Council staff are currently working on an environment strategy, and Mayor Greg Brownless is among 46 mayors and regional council chairs who signed the Local Government New Zealand Climate Change Declaration at the recent annual conference.
The declaration asks the New Zealand Government make it a priority to develop and implement an ambitious transition plan for a low carbon and resilient New Zealand.
It stresses the benefits of early action to moderate the costs of adaptation to New Zealand communities. “We are all too aware of challenges we face shoring up infrastructure and managing insurance costs,” says the mayors and chairs.
“These are serious financial considerations for councils and their communities.

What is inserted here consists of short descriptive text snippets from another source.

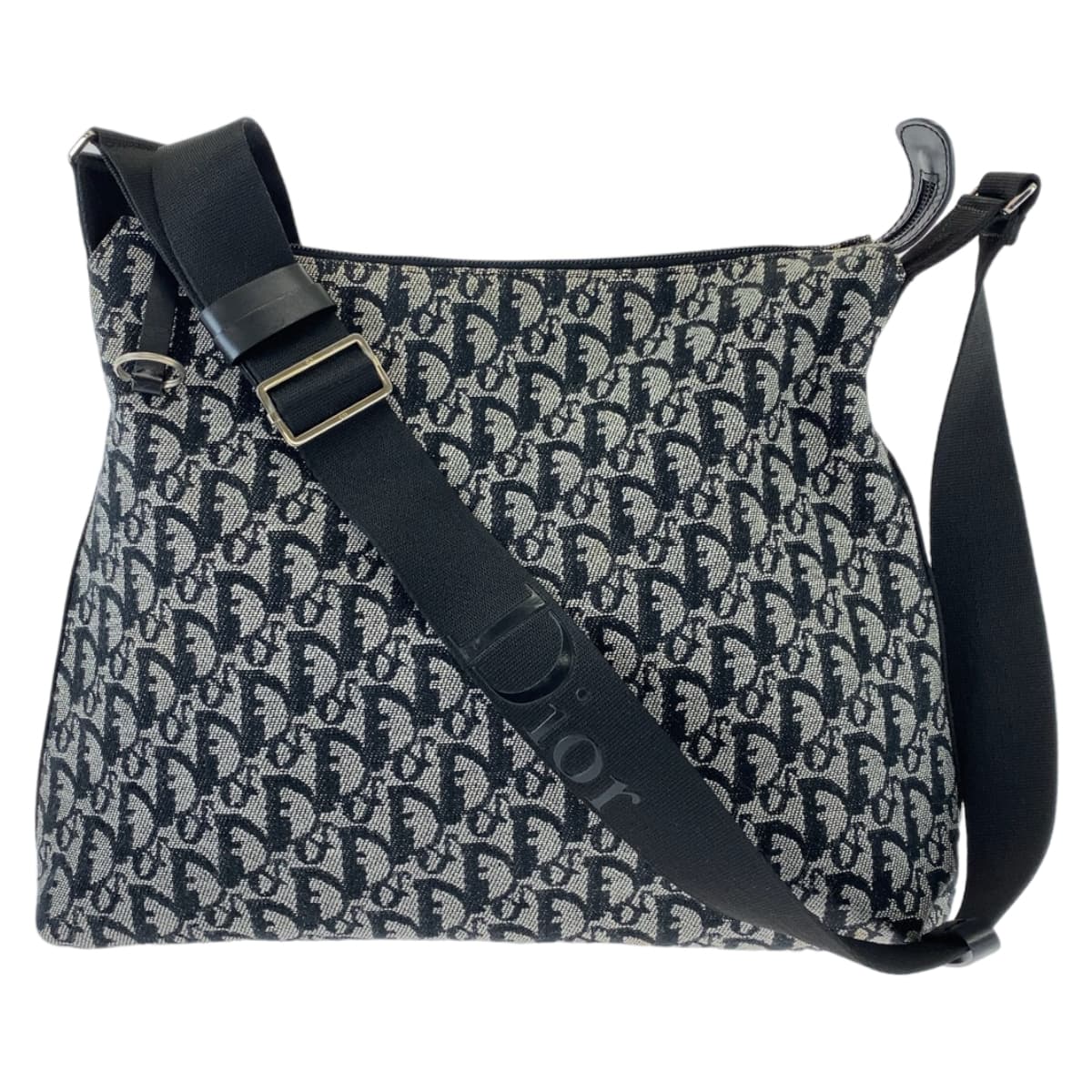11388
Dior ディオール トロッター ネイビー グレー シルバー金具 キャンバス ショルダーバッグ メッセンジャーバッグ  レディース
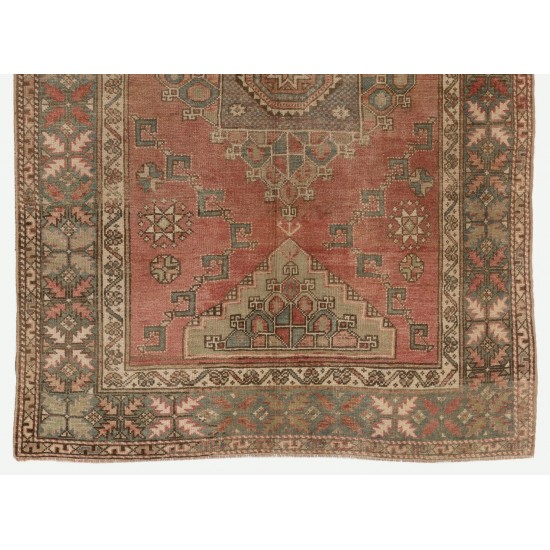 Traditional Vintage Handmade Turkish Rug with Tribal Style, 100% Wool. 5.2 x 7.3 Ft (158 x 220 cm)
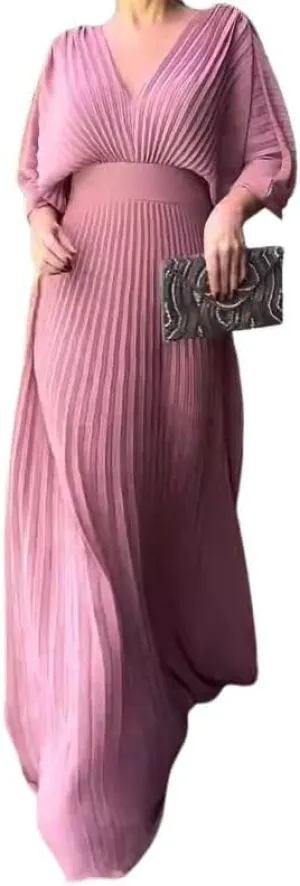 Evening Maxi Dresses for Women 2024 Batwing Sleeve V Neck High Waist Pleated Long Sundress Flowy Formal Dress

“To underpin this plan, we ask that a holistic economic assessment is undertaken of New Zealand’s vulnerability to the impacts of climate change and of the opportunities and benefits for responding. We believe that New Zealand has much at stake and much to gain by adopting strong leadership on climate change emission reduction targets.”
Tauranga continues to grow quickly, and is exceeding growth forecasts in the two years since the development of the Long Term Plan 2015-2025. It means the council has had to re-prioritise some of Council’s planned investment to be able to build infrastructure in new development areas, and plan for future urban growth areas.
This has been discussed with the community through the last two Annual Plans, and changes have had to be made to planned budgets and work plans to cater for Tauranga’s growth.